The families gave impact statements about the unimaginable toll the death of their loved ones has taken. The emotional testimonies came as the jury is tasked with deciding on whether or not shooter Nikolas Cruz, who killed 17 people in total in the shooting, will receive the death penalty.
During the hearing, as the families of some of the 14 students killed spoke, two of Cruz's defense attorneys could be seen wiping away tears. Assistant public defender Tamara Curtis and attorney Nawal Najet Bashiman each removed their face masks to pat their faces dry.
Cruz himself had no visible reaction to their deeply moving words.

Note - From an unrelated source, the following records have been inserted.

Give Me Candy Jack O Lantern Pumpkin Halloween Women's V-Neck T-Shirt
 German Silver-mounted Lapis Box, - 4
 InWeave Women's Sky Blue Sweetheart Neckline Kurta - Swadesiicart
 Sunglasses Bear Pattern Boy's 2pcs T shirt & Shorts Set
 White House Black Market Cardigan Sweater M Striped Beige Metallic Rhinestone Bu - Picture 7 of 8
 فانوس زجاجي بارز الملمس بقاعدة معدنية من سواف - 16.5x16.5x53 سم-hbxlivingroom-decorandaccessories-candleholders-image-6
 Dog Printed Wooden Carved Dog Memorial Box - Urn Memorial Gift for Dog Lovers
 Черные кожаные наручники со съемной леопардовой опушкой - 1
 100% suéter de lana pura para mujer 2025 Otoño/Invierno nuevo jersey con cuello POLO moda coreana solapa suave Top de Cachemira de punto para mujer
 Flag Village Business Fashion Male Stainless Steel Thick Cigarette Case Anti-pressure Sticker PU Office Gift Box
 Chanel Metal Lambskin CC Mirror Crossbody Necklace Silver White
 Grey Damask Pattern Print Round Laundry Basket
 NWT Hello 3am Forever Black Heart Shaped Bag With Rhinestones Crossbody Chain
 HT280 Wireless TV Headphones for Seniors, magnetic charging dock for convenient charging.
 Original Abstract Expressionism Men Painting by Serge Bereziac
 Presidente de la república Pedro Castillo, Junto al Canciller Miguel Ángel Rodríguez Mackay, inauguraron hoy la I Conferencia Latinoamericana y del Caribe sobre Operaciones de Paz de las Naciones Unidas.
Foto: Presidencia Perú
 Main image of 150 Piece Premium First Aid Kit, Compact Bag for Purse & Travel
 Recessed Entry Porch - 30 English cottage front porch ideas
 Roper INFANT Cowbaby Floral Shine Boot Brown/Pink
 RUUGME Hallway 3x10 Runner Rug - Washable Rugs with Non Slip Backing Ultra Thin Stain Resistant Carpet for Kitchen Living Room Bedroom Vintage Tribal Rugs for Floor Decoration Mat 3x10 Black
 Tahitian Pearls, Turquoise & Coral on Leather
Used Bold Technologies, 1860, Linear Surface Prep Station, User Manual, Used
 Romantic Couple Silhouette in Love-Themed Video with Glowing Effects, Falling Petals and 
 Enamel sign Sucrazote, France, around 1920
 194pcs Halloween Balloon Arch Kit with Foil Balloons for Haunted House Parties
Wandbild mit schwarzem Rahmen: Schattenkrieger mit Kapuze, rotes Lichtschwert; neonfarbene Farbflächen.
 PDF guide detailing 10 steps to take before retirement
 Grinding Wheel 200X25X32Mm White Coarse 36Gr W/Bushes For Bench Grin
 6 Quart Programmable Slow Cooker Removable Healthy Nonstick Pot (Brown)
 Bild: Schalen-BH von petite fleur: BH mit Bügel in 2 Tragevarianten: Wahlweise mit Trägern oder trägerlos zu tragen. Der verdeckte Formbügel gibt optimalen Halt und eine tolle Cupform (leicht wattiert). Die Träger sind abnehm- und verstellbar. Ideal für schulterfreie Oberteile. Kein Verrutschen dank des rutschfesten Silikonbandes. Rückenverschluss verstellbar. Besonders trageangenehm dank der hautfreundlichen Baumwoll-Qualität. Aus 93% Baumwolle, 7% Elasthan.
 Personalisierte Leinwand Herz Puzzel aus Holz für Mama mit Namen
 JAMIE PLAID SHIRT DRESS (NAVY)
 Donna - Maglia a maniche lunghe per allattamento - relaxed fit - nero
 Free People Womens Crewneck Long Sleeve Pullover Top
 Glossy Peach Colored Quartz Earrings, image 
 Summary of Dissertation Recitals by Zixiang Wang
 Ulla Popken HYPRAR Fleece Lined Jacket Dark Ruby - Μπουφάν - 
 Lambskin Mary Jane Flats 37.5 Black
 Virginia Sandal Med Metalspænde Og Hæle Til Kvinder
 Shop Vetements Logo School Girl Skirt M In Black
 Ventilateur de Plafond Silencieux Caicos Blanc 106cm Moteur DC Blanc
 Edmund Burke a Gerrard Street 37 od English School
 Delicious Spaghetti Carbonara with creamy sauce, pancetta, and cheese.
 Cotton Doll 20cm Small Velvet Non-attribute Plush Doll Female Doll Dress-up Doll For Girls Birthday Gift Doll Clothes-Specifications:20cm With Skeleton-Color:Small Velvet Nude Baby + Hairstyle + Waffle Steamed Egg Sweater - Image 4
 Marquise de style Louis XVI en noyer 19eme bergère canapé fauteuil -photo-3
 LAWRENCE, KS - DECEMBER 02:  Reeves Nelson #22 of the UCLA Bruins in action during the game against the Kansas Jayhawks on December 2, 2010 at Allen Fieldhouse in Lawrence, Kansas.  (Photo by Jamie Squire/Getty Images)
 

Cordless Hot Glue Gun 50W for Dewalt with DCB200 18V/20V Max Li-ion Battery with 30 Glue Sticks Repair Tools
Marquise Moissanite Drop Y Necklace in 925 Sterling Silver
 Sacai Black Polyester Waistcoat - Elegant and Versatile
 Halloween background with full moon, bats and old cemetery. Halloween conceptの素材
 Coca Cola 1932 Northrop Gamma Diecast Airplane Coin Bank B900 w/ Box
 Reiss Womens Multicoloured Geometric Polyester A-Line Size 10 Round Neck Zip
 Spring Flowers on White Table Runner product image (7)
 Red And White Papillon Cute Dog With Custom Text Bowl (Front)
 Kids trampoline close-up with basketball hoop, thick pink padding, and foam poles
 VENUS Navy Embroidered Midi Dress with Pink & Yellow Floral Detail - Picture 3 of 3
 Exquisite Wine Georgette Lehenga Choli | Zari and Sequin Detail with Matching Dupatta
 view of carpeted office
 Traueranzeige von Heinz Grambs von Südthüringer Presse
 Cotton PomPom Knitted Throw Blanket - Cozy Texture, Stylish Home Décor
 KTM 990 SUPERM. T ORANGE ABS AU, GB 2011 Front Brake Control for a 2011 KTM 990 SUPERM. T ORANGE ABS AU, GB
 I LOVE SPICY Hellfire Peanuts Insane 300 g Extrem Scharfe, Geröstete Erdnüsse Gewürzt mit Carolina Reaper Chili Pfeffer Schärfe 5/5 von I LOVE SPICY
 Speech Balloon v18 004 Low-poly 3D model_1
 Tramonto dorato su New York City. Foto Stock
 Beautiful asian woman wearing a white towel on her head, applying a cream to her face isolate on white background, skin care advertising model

During the hearing, the father of Alyssa Alhadeff told the jury about his daughter. She would be in her second year of college if she hadn't been killed by Cruz, he said. "Soon she'd go on to be a professional soccer player. She'd get her law degree, and maybe become one of the most successful business negotiation lawyers the world would see," Ilan Alhadeff told the court.
"She was supposed to get married, and I was going to have my father-daughter dance," he said through tears. "She would have had a beautiful family, four kids, live in a gorgeous house — a beach house on the side." As the heartbroken father spoke of his dreams for his daughter, he was visibly distraught. "All those plans came to an end with Alyssa's murder," he said.
Tom Hoyer, whose son Luke, 15, was killed in the mass shooting, also spoke. "We were a family unit of five always trying to fit into a world set up for even numbers," he said. "Two-, four-, six-seat tables in a restaurant. Two-, four-, six-ticket packages to events. Things like that." But now, he says, being a family of four simply doesn't fit and that "never again will the world feel right." He continued, "When Luke died something went missing in me."
His mother, Gena Hoyer, spoke through tears, as well. “It’s excruciating agony," she said. "I am heartbroken. A piece of my heart is missing. My life and my family will never be the same."
Annika Dworet spoke of her son Nicholas Dworet, the captain of the swim team who had just received a scholarship to the University of Indianapolis at the time of the shooting. She said her son had bigger goals "than most of us dare to dream of." She also shared a note that he had taped next to his bed to remind himself of those goals. "I want to become a Swedish Olympian and go to Tokyo 2020 to compete for my country," it read. "I will give all I have in my body and my mind to achieve the goals I have set."
"Now we will never know if he would have reached his goal to go to the Olympics," the grieving mother told the court.
Jennifer Guttenberg, whose 14-year-old daughter Jaime perished in the shooting, told the court that it's "excruciatingly difficult" to watch her daughter's friends get to grow up. She opened up about how painful family gatherings are without her daughter. "There is togetherness, but there is no celebrating," she explained. "There is a deafening silence amongst everyone, as they don't want to bring up Jaime's name to cause pain, but don't want to forget her, either."
Ultimately, the decision is up to the judge. But in order for the jury to recommend the death penalty, the decision must be unanimous. Then the judge will decide whether to follow the recommendation or sentence Cruz to life in prison.